WCCL Debate: How to Classify SPTCL

Off treatment, behavior as a primary criteria — it behaves like malignancy, it just keeps clonally expanding. You don’t die of a lymphoproliferative disorder without treatment; you die of malignancy without treatment.

Michael Girardi, MD, professor and vice chair of the Department of Dermatology at Yale School of Medicine, and Joan Guitart, MD, professor of dermatology and director of the Cutaneous Lymphoma Program at Northwestern University Feinberg School of Medicine, debated whether subcutaneous panniculitis-like T-cell lymphoma (SPTCL) should be classified as a lymphoma at all — a four-part exchange spanning diagnosis, biology, and bedside management.

At the 6th World Congress of Cutaneous Lymphoma (WCCL), Girardi and Guitart took opposite sides of a deliberately provocative question — and soon acknowledged how much they agree. Guitart’s position is that SPTCL, in its CD4-positive, alpha/beta form, is best understood not as a lymphoma but as a lymphoproliferative disorder (LPD): a clonal, often autoimmunity-associated process that responds durably to immune-modulatory therapy and, in his extensive referral experience, does not progress to metastatic disease.

Girardi’s counter is that the malignant “lens” must be retained: that SPTCL is a peripheral T-cell lymphoma whose clonal cells behave like a cancer, and that the safest framework respects its potential to turn aggressive.

In the first segment, the two map the terrain of disagreement. Guitart argues that much of the early literature describing SPTCL as aggressive was confounded by gamma/delta cases that have since been split off as a separate, genuinely aggressive entity, and that the alpha/beta cases lack lymphoma-defining mutations. Girardi draws the analogy to mycosis fungoides — often indolent early, but demanding respect because some patients eventually reveal their true colors — and lands on a position both return to throughout: in practice, they can both be right.

The middle segments move into biology. The debate turns on whether clonality and growth pattern amount to malignancy. Girardi notes that metastasis is not a defining feature of lymphoma — these cancers can grow, persist, and kill within their tissue of origin — and that the malignant T cells rimming adipocytes are simply behaving as clonal effector cells, much as mycosis fungoides homes to the epidermis. He resists labeling methotrexate, JAK inhibitors, and similar agents as mere immune modulators, framing them instead as T-cell–directed therapies used across early lymphomas.

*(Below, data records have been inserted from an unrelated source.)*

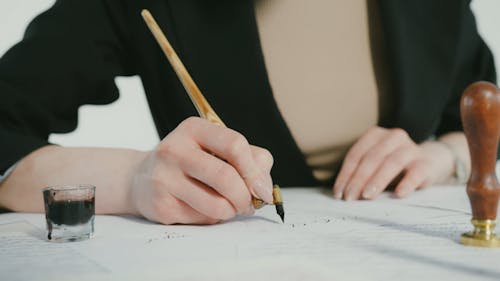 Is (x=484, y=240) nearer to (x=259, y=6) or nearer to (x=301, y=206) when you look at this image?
(x=301, y=206)

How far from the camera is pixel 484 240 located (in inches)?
22.3

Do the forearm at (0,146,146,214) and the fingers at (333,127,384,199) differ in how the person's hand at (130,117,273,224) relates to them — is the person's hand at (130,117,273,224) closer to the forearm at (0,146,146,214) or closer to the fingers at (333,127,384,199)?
the forearm at (0,146,146,214)

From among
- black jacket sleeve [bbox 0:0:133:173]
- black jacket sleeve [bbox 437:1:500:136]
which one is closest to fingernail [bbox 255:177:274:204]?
black jacket sleeve [bbox 0:0:133:173]

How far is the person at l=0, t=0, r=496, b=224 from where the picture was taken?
2.96 feet

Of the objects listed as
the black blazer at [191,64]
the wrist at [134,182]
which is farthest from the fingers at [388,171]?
the wrist at [134,182]

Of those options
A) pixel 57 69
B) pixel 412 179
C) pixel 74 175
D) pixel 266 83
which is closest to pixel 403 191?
pixel 412 179

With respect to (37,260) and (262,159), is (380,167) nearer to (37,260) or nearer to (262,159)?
(262,159)

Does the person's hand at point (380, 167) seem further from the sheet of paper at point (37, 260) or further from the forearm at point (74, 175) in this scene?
the sheet of paper at point (37, 260)

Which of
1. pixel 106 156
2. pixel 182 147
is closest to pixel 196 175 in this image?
pixel 182 147

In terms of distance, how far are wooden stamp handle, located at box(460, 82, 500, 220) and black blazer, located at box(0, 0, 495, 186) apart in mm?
458

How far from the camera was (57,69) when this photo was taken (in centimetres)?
101

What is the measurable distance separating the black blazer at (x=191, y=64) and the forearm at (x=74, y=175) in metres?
0.07

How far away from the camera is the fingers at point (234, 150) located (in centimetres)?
66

Guitart holds that clonal growth does not by itself imply lymphoma — that LPDs, including reversible processes, can carry low-level driver mutations without crossing into malignancy. He points to a telling biological asymmetry: cyclosporine, which can accelerate mycosis fungoides, works well in SPTCL.

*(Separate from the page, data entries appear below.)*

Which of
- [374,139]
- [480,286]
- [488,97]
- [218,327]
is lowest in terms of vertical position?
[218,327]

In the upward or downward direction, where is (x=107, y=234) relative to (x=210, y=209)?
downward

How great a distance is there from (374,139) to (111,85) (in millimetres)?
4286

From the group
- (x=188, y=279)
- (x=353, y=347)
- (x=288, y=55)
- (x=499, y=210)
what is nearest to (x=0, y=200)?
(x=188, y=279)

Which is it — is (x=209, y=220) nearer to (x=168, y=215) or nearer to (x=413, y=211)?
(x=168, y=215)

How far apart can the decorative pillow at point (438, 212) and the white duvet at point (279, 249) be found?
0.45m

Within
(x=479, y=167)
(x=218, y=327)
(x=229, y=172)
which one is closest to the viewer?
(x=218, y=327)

He situates SPTCL alongside conditions such as marginal zone lymphoma, large granular lymphocytic disorders, and monoclonal B-cell lymphocytosis, where the field has wrestled with the same “indolent-versus-malignant” line.

But they both agree the question should be settled by how the disease behaves off treatment, and that the determinant is not a critical mass of mutations but the interplay of those mutations with the host immune system.

For Girardi, the fact that untreated SPTCL keeps accumulating clonal cells — that patients ultimately succumb to malignant behavior rather than to an indolent disorder — keeps it on the malignant side of the line. Guitart counters that the same can be said of disorders now formally classified as LPDs, and that he expects the consensus bodies to move SPTCL in that direction, even as it currently remains a lymphoma in the WHO and ICC schemes.

What unites them is what matters most at the bedside. Both warn that the greatest danger is over-treatment: a patient with an indolent process steered toward multiagent chemotherapy, allogeneic transplant, or myeloablation by a clinician who sees the word “lymphoma” on a pathology report and reacts to the most aggressive entities the term evokes. Both advocate referral to clinicians experienced with the disease, early and appropriate immune-modulatory therapy, PET/CT to gauge the true extent of disease, and clear communication that most patients will do well — even, in Guitart’s experience, those with hemophagocytic lymphohistiocytosis.

As Guitart frames the conversation he has with patients: he does not believe they have a lymphoma, that they may develop one in the future, and that he is confident he can control the disease without chemotherapy.

The disagreement over the label, in the end, is less a clinical rift than a window into how the field decides what counts as cancer.